▶ [Available data]:
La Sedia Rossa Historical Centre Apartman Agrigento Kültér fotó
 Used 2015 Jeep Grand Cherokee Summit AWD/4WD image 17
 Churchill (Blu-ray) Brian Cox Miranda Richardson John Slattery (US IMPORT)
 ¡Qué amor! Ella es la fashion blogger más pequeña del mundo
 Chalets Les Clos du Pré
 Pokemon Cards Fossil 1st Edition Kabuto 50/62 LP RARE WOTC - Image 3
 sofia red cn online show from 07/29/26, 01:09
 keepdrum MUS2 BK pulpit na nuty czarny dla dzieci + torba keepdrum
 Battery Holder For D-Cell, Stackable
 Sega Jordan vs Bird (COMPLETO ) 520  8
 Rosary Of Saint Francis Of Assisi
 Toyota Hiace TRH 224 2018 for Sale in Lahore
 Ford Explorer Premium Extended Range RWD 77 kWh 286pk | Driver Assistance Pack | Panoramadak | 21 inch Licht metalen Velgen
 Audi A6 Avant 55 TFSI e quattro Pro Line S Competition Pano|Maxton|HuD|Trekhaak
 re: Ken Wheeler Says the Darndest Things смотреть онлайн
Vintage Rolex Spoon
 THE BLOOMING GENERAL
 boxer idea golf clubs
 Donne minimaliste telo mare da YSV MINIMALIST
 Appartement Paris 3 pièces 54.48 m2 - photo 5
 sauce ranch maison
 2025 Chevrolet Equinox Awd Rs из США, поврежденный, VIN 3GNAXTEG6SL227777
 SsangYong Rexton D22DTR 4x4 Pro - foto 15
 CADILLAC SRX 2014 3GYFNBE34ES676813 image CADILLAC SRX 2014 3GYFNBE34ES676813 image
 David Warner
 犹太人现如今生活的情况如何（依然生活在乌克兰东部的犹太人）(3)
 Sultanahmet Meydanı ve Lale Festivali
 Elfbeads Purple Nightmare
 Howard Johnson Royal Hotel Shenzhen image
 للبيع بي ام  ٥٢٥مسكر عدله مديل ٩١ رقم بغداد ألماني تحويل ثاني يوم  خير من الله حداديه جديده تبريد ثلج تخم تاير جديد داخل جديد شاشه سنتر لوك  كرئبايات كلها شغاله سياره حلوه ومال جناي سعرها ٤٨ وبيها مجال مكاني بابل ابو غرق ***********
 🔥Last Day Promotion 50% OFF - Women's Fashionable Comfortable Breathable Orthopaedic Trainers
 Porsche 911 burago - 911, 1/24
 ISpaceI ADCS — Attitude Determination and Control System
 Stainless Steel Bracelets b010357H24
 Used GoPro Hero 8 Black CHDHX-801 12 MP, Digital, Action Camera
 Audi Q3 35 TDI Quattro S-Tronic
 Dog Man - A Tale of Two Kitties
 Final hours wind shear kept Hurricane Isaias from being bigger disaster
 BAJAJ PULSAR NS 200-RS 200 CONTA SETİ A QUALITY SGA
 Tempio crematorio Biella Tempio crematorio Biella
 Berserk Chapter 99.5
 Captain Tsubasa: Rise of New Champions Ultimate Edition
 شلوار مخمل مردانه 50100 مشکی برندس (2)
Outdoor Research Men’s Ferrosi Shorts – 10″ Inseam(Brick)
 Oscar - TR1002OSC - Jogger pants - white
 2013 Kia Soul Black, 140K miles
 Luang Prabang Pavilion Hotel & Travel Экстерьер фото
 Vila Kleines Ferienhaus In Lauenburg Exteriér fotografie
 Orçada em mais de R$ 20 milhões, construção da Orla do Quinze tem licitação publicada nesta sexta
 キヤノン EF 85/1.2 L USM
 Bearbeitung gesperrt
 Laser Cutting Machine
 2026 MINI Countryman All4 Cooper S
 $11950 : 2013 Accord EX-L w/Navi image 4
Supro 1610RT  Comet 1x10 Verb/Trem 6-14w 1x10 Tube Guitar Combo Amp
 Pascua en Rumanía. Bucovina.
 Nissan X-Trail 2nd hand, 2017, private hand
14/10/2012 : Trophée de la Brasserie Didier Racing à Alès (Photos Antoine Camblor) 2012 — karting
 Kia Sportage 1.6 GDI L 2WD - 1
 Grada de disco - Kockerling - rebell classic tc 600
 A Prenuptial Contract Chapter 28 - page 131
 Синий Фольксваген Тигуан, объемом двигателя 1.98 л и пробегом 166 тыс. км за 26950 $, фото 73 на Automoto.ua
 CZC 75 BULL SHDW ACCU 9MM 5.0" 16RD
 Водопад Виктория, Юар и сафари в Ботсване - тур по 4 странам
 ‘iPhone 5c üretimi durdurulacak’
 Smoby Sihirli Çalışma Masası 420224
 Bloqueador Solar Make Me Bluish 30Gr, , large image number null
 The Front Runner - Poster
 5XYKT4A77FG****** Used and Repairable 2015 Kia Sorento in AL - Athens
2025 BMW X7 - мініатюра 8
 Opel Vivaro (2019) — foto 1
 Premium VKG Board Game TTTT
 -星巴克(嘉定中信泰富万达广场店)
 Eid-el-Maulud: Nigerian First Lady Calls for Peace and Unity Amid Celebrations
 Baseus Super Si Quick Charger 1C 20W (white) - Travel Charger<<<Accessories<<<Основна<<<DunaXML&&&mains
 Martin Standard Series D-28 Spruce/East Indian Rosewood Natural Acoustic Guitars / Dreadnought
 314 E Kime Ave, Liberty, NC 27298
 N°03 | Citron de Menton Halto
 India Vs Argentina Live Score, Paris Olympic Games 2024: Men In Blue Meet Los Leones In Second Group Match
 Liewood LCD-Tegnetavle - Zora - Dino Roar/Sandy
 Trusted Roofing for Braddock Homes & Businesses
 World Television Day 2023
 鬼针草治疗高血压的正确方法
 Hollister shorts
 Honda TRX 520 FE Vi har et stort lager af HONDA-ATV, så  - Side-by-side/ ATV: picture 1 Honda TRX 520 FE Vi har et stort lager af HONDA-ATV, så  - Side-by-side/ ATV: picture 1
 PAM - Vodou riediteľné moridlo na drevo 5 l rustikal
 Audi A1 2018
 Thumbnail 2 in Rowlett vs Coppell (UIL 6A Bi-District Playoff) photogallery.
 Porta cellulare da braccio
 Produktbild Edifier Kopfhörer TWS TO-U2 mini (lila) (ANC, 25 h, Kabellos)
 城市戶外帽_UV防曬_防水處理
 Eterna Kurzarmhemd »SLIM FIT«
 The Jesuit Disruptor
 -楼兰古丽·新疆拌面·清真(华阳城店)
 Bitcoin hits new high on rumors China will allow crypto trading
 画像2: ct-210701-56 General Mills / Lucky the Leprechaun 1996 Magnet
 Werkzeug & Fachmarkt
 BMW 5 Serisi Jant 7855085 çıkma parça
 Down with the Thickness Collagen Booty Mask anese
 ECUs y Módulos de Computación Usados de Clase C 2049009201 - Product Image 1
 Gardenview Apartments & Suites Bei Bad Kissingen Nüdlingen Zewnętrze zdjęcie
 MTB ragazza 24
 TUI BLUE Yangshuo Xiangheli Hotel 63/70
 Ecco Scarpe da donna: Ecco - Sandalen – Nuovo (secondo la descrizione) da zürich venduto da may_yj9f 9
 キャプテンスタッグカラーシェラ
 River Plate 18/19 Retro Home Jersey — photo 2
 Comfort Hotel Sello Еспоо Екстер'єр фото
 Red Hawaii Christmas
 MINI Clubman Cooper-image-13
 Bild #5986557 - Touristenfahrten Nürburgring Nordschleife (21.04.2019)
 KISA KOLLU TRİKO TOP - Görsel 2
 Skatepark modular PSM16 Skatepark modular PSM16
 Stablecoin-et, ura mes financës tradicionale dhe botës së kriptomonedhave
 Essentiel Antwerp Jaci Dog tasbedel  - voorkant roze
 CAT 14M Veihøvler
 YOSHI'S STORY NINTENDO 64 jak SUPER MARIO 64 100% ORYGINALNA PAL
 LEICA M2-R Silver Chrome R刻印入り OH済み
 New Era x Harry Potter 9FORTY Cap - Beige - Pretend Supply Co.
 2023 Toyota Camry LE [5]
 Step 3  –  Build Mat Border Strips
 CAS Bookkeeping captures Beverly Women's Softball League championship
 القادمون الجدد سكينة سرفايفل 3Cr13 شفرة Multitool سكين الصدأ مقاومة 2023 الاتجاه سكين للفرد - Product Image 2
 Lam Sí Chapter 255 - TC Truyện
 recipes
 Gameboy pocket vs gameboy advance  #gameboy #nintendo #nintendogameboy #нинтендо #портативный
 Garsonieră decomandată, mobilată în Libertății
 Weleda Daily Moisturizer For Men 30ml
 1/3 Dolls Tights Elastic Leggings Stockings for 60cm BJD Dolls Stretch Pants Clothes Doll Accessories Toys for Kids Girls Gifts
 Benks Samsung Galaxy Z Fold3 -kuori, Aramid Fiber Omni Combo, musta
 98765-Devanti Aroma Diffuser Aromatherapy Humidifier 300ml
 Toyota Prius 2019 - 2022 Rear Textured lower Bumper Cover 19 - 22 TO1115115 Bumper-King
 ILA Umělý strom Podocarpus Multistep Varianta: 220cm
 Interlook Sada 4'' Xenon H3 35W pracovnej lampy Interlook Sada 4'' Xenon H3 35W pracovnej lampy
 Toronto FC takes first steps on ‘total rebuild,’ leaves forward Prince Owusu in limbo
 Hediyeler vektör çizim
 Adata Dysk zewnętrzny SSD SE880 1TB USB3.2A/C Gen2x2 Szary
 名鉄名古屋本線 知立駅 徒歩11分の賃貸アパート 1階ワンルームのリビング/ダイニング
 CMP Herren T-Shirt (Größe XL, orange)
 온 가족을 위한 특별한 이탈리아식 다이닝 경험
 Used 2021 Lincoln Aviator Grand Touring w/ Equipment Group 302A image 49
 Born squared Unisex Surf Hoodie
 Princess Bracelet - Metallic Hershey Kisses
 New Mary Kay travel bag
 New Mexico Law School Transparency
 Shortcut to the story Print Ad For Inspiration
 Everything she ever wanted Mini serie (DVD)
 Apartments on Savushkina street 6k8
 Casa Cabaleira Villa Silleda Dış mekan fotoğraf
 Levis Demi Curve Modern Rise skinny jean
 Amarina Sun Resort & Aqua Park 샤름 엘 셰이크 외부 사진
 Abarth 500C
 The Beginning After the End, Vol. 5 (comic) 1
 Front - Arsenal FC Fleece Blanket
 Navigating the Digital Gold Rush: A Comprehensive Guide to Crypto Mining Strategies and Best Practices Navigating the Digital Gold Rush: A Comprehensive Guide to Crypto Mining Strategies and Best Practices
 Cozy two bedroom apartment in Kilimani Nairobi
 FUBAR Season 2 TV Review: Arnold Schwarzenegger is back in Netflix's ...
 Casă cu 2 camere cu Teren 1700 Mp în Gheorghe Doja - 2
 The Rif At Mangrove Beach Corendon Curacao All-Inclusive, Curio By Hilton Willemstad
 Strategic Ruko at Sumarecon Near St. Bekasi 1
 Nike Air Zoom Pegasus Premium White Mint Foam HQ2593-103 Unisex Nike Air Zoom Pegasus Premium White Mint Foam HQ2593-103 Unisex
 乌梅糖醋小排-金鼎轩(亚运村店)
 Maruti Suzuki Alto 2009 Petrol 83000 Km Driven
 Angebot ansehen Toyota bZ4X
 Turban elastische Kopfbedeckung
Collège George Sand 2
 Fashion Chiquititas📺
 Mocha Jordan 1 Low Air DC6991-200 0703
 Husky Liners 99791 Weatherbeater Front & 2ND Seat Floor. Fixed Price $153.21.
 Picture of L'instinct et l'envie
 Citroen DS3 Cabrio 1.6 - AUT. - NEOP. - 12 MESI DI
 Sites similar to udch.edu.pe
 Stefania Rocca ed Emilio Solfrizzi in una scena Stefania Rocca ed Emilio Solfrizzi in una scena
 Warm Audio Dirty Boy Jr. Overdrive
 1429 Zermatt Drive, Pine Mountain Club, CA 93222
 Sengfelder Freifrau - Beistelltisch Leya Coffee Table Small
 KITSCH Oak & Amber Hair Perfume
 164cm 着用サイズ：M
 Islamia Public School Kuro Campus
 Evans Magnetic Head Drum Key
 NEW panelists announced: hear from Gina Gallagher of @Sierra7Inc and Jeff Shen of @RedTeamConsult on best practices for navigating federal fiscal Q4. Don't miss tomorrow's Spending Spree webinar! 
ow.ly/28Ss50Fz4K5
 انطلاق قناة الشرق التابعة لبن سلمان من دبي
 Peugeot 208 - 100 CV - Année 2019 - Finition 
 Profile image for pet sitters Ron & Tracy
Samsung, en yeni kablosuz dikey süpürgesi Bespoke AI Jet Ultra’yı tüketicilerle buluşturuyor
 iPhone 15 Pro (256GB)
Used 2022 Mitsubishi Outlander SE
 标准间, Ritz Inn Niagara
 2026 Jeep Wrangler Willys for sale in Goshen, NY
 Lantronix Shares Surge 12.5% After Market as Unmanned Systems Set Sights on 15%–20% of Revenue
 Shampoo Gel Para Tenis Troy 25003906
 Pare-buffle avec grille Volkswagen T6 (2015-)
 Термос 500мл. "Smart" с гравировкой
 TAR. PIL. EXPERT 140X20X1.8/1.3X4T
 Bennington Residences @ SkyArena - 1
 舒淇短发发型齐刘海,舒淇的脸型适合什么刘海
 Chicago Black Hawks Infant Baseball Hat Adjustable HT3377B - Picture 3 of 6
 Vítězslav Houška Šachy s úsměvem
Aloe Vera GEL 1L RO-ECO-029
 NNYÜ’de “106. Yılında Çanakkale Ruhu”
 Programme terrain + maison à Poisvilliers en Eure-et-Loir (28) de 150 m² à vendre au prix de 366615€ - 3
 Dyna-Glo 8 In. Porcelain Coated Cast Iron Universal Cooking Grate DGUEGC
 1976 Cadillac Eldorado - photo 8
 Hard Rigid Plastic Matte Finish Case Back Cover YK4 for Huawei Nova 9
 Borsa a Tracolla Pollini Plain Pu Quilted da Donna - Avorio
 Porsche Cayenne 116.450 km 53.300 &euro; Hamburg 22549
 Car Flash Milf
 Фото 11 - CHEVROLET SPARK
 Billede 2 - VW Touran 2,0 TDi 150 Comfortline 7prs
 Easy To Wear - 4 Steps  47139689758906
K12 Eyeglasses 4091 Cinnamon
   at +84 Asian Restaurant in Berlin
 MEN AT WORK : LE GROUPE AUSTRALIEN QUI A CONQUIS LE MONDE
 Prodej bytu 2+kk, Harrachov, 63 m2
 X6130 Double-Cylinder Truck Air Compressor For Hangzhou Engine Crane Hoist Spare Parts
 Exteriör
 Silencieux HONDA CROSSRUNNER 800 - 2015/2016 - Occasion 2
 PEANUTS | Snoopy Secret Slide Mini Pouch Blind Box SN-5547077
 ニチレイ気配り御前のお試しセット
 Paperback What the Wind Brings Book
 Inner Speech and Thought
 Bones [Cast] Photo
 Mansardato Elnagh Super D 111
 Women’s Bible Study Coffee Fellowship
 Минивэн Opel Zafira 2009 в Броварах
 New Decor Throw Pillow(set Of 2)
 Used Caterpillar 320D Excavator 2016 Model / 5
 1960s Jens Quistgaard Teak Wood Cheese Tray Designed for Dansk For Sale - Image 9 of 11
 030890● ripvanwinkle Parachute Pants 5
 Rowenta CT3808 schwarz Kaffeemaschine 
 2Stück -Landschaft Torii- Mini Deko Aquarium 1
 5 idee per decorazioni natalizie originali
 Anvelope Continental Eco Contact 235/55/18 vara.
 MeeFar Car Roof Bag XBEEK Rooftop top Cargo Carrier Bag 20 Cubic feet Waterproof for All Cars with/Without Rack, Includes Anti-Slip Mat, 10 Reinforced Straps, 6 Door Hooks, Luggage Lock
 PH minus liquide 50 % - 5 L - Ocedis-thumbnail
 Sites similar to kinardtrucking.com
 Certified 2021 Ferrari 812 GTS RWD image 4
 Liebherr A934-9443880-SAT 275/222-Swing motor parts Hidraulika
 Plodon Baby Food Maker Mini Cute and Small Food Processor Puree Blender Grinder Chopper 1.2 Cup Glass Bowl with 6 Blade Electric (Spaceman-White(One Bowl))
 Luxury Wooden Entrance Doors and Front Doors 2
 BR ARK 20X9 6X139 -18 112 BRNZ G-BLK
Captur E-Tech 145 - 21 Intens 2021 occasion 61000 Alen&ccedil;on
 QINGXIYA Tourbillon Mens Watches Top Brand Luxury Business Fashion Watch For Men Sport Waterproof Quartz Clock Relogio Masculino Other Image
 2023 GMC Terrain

▶ [Work instruction]: Give the exact lines, and only those, from the line containing "MEN AT WORK" through the line containing "Anvelope Continental Eco" in the entries above.

▶ [Response area]:
 MEN AT WORK : LE GROUPE AUSTRALIEN QUI A CONQUIS LE MONDE
 Prodej bytu 2+kk, Harrachov, 63 m2
 X6130 Double-Cylinder Truck Air Compressor For Hangzhou Engine Crane Hoist Spare Parts
 Exteriör
 Silencieux HONDA CROSSRUNNER 800 - 2015/2016 - Occasion 2
 PEANUTS | Snoopy Secret Slide Mini Pouch Blind Box SN-5547077
 ニチレイ気配り御前のお試しセット
 Paperback What the Wind Brings Book
 Inner Speech and Thought
 Bones [Cast] Photo
 Mansardato Elnagh Super D 111
 Women’s Bible Study Coffee Fellowship
 Минивэн Opel Zafira 2009 в Броварах
 New Decor Throw Pillow(set Of 2)
 Used Caterpillar 320D Excavator 2016 Model / 5
 1960s Jens Quistgaard Teak Wood Cheese Tray Designed for Dansk For Sale - Image 9 of 11
 030890● ripvanwinkle Parachute Pants 5
 Rowenta CT3808 schwarz Kaffeemaschine 
 2Stück -Landschaft Torii- Mini Deko Aquarium 1
 5 idee per decorazioni natalizie originali
 Anvelope Continental Eco Contact 235/55/18 vara.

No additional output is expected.